Cancer invasion and signaling studies - from disease mechanisms to treatment
Left side: Breast cancer spheroid invading into the surrounding matrix. Right side: Ovarian cancer organoid culture.
The aim of our research is to understand cancer-induced molecular changes, especially those that regulate lysosomal activity and function leading to enhanced invasion and metastasis, in order to find novel ways to target these often still untreatable, malignant functions of cancer.
Our current work is focused on the role and function of HER2 signaling and lysosomes in aggressive and therapy resistant breast cancer and on identifying novel, personalized treatment strategies against platinum-taxane resistant ovarian cancer by targeting lysosomes. In our research, we use 3D cell cultures, breast and ovarian cancer organoids, and various cell and molecular biology approaches including high throughput microscopy,CRISPR-Cas9 technology and lentiviral gene delivery.
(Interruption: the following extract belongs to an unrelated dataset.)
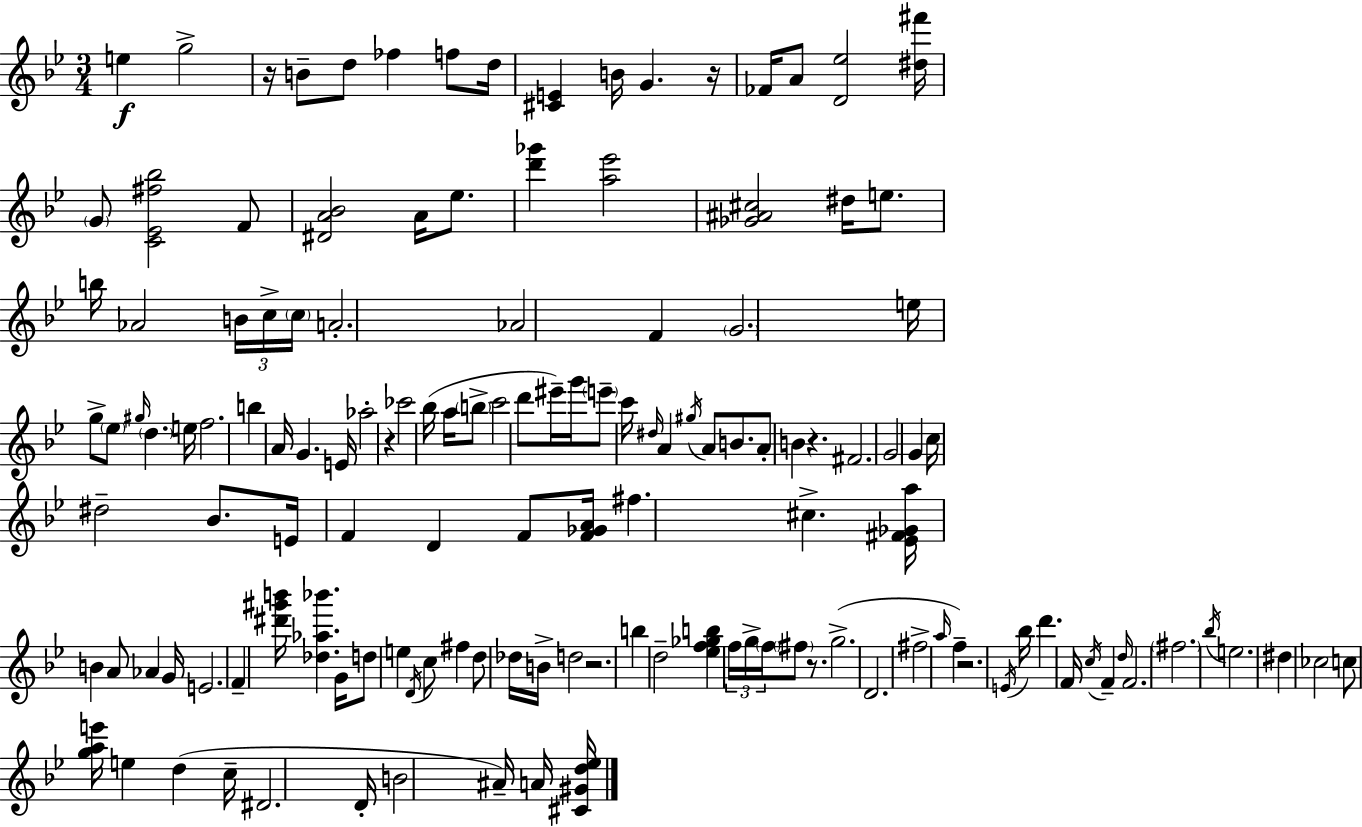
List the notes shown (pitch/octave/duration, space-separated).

E5/q G5/h R/s B4/e D5/e FES5/q F5/e D5/s [C#4,E4]/q B4/s G4/q. R/s FES4/s A4/e [D4,Eb5]/h [D#5,F#6]/s G4/e [C4,Eb4,F#5,Bb5]/h F4/e [D#4,A4,Bb4]/h A4/s Eb5/e. [D6,Gb6]/q [A5,Eb6]/h [Gb4,A#4,C#5]/h D#5/s E5/e. B5/s Ab4/h B4/s C5/s C5/s A4/h. Ab4/h F4/q G4/h. E5/s G5/e Eb5/e G#5/s D5/q. E5/s F5/h. B5/q A4/s G4/q. E4/s Ab5/h R/q CES6/h Bb5/s A5/s B5/e C6/h D6/e EIS6/s G6/s E6/e C6/s D#5/s A4/q G#5/s A4/e B4/e. A4/e B4/q R/q. F#4/h. G4/h G4/q C5/s D#5/h Bb4/e. E4/s F4/q D4/q F4/e [F4,Gb4,A4]/s F#5/q. C#5/q. [Eb4,F#4,Gb4,A5]/s B4/q A4/e Ab4/q G4/s E4/h. F4/q [D#6,G#6,B6]/s [Db5,Ab5,Bb6]/q. G4/s D5/e E5/q D4/s C5/e F#5/q D5/e Db5/s B4/s D5/h R/h. B5/q D5/h [Eb5,F5,Gb5,B5]/q F5/s G5/s F5/s F#5/e R/e. G5/h. D4/h. F#5/h A5/s F5/q R/h. E4/s Bb5/s D6/q. F4/s C5/s F4/q D5/s F4/h. F#5/h. Bb5/s E5/h. D#5/q CES5/h C5/e [G5,A5,E6]/s E5/q D5/q C5/s D#4/h. D4/s B4/h A#4/s A4/s [C#4,G#4,D5,Eb5]/s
Our laboratory is located at the Danish Cancer Society Research Center, Strandboulevarden 49 (https://www.cancer.dk/research/dcrc-research-units-and-groups/cell-death-and-metabolism/invasion-and-signaling/).
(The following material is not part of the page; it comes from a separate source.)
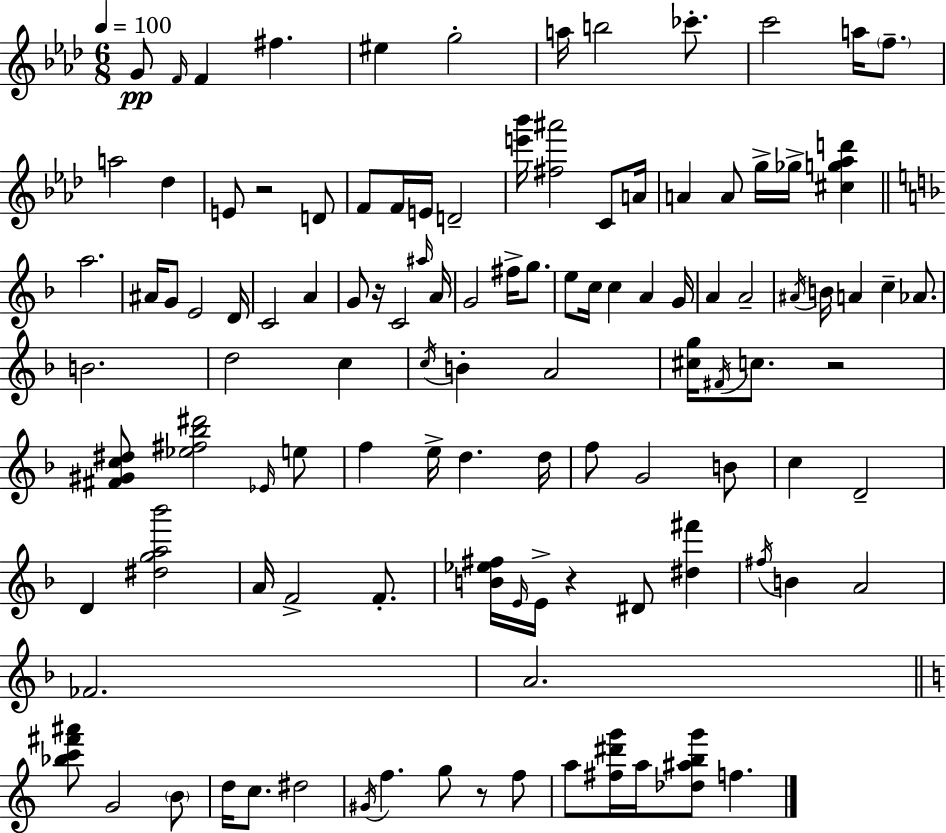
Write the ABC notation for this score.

The project spans three specific aims:
1. Role of lysosomes in the aggressiveness of HER2 positive breast cancer
2. Targeting treatment-resistant HER2-positive breast cancer via lysosomes
3. Targeting treatment-resistant ovarian cancer via lysosomes
In our studies we are focusing on repurposing already approved drugs as novel, lysosome targeting anti-cancer agents as well as identifying new drugs and drug targets. Our studies will be very valuable for identification of new personalized treatment options for treatment resistant breast and ovarian cancer.